Entries provided Start Marker
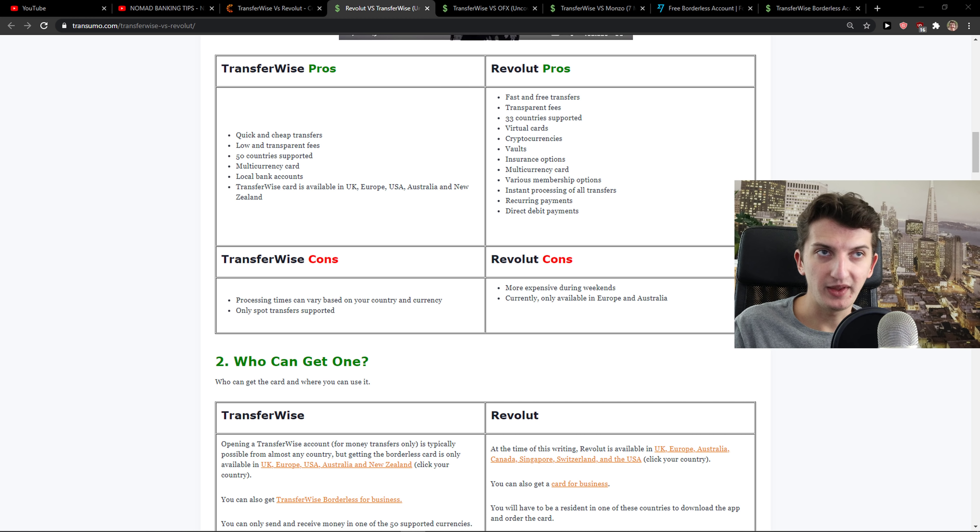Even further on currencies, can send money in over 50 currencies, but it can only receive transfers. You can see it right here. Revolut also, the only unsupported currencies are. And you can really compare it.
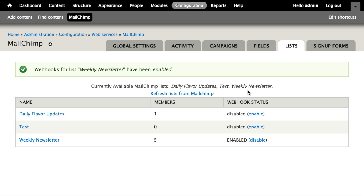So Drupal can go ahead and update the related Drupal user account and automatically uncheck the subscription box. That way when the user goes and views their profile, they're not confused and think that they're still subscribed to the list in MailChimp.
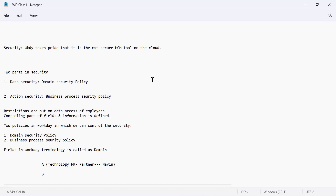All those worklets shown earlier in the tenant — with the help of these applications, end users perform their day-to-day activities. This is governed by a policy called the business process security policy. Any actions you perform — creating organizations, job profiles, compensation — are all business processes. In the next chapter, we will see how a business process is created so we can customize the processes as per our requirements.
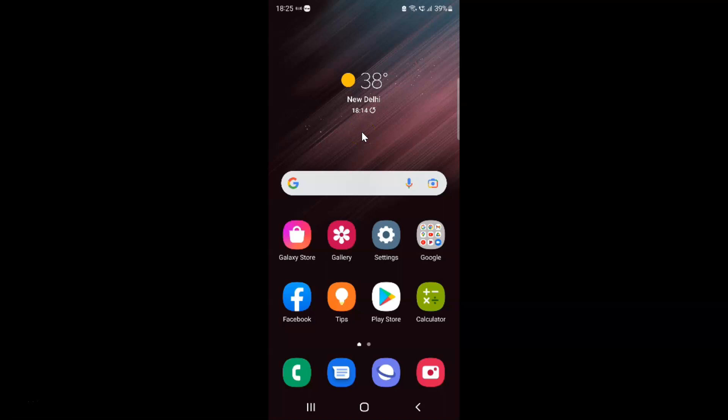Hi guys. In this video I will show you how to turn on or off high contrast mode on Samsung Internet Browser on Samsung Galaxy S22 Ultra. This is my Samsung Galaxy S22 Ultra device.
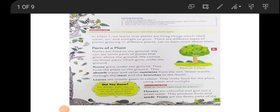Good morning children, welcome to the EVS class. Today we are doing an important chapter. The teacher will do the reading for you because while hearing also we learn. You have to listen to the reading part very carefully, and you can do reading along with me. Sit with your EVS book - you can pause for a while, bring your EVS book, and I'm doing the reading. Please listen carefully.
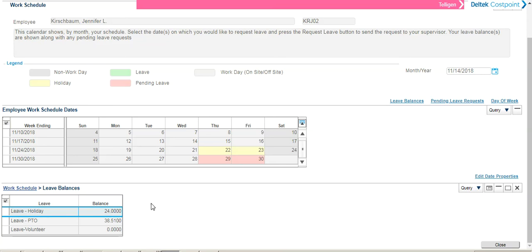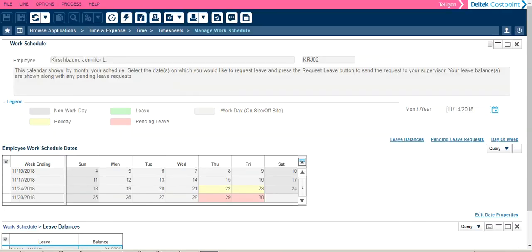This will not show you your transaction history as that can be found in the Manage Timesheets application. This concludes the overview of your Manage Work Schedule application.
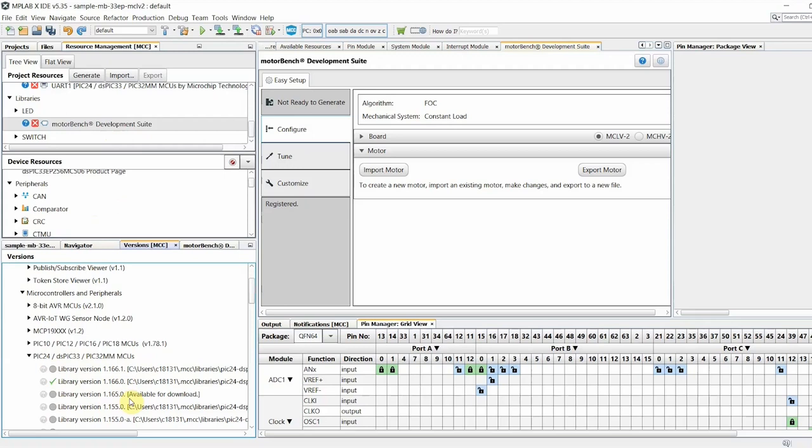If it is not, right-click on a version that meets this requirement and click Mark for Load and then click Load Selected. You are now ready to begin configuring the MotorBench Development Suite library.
Entries provided End Marker
**Problem to solve**.
Each line from the beginning of the entries up to and including the one containing "So Drupal can" must be restated exactly. Pictures are to be left out.

**Answer for this exercise**.
Even further on currencies, can send money in over 50 currencies, but it can only receive transfers. You can see it right here. Revolut also, the only unsupported currencies are. And you can really compare it.
So Drupal can go ahead and update the related Drupal user account and automatically uncheck the subscription box. That way when the user goes and views their profile, they're not confused and think that they're still subscribed to the list in MailChimp.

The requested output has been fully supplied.